What is Melatonin?
- Melatonin is a potent antioxidant hormone that tells the body when it’s dark outside
- The timing and concentration of melatonin secretion changes with age
- Light from electronic devices suppresses melatonin production and makes it hard to sleep
Melatonin says, “It’s dark”.
Melatonin is a hormone produced by the pineal gland, a small group of specialized cells in the brain, just behind the eyes. The retina communicates light information to these cells. Melatonin is released into the brain and bloodstream in response to the level of ambient light—low melatonin during the day and high melatonin at night. Telling the body that it’s dark outside is particularly important for organisms as day length changes with the season.
Typically, melatonin secretion starts to rise around 4:00-6:00 p.m., peaks around 12:00-2:00 a.m., then starts to decline between 4:00-6:00 a.m. This pattern facilitates sleep onset around 10:00 p.m.-2:00 a.m., and waking around 6:00-8:00 a.m. However, this healthful pattern is disrupted when we use certain types of light at night (see below). To learn why this pattern of melatonin secretion is particularly healthful, read our article “Sleep and Biological Clocks”.

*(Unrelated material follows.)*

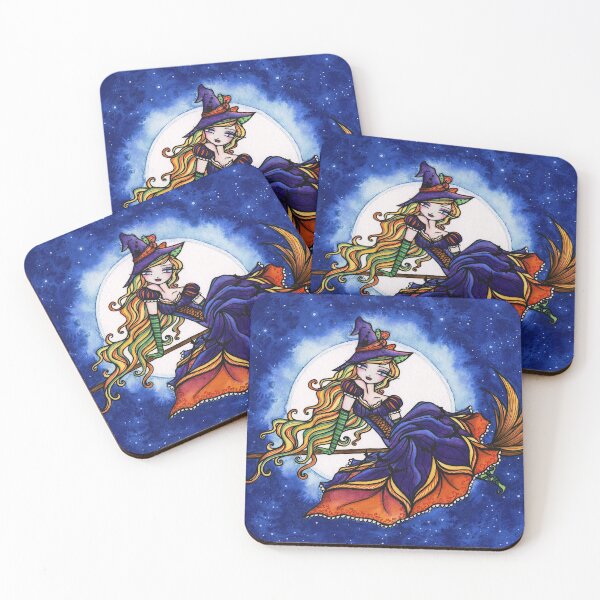 Item preview, Colorful Halloween Witch Night Sky Fantasy Art designed and sold by hannahlynnart.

Melatonin secretion changes as we age
Melatonin secretion changes throughout life. Particularly after age 60, people tend to fall asleep earlier, wake earlier, and sleep less deeply. This happens because the total amount of secreted melatonin declines with increasing age. Also, the peak concentration of melatonin secreted is lower and occurs earlier in the evening as a person gets older.1–3 (And there you have it: the biological basis for the “early bird” dinner buffet.)
Non-sleep benefits of melatonin
As an added bonus, melatonin is also an antioxidant. It directly scavenges free radicals,4,5 which damage vital molecules like DNA in the cell. In fact, one melatonin molecule is predicted to have 13X the antioxidant capacity as vitamin C. This is because melatonin’s breakdown products (metabolites) also act as antioxidants.
Another non-sleep benefit of melatonin is that it affects gene expression in cells throughout the body. Specifically, melatonin activates gene expression of antioxidant enzymes and inhibits gene expression of molecules that may promote cancer in susceptible individuals, such as insulin, estrogen receptor, and many enzymes.6–11
Artificial light at night inhibits melatonin
As discussed, the retina tells the pineal gland how much light is in the immediate environment. When the retina senses light, the pineal gland slows the production of melatonin. The brighter the light, the less melatonin is created. Importantly, the actual time of day or night doesn’t matter; it only matters that your retina is sensing light. This means that at night, the light from your phone, tablet, TV, lamp, and streetlights can all inhibit melatonin production.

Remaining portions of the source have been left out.